For you newer generation of Bulls fans, Cartwright played the final seven seasons of his NBA career with the Bulls. He averaged 8.7 points and 5.3 rebounds in 426 games and later coached the Bulls from 2001 to 2004. He went 51-100 as head coach.
Levingston played two seasons with the Bulls (1990-1992) and averaged 4.0 poinst and 2.9 rebounds in 157 games.
No one would argue they were critical pieces to the early 90s Bulls title teams, but they're still making headlines in 2019 for getting shoutouts in "South Side."
Yes, it's overanalyzing-open-gym-videos season around the NBA. Forgive us, but this one was pretty nice.
Bulls center Wendell Carter Jr. was seen working out with basketball trainer Chris Johnson, who has videos working out the likes of Jimmy Butler, Ben Simmons and other significant NBAers. And in just a 53-second clip, Carter shows off some impressive turnaround and fadeaway jumpers off the same initial move.

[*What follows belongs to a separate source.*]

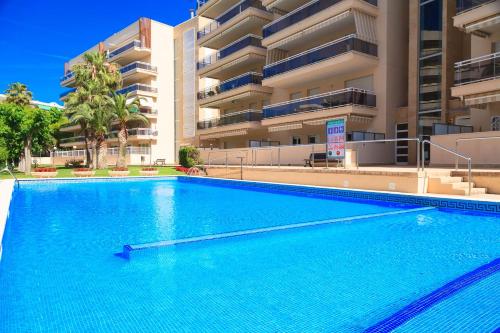 a large blue swimming pool in front of a building at UHC Ventura Park Apartments in Salou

Wendell Carter Jr. ( @wendellcarterjr ) post breakdown and counters. Every move has a series of counters. Here is the turnaround and counters you can make out of it with @chrisjohnsonhoops @chicagobulls 🔥 #chicagobulls #bulls pic.twitter.com/MWnquebgVS— Swish Cultures (@swishcultures_) August 20, 2019
Now, let's state this again. It's a workout video and it shows Carter making five jumpers. It's nothing to get worked up about.
However, it's a positive sign that Carter is working on his jumper.
The Duke product showed some flashes of solid midrange shooting under Fred Hoiberg but moved almost exclusively to the post once Jim Boylen took over.
Under Hoiberg, Carter averaged 2.1 midrange shots per game and 1.0 3-point attempts per game.
Under Boylen, Carter averaged 1.6 midrange shots per game and 0.4 3-point attempts per game.
The hope is that Carter gets to spread his offensive wings a little bit more in his second season, and this short video would suggest that he's going to.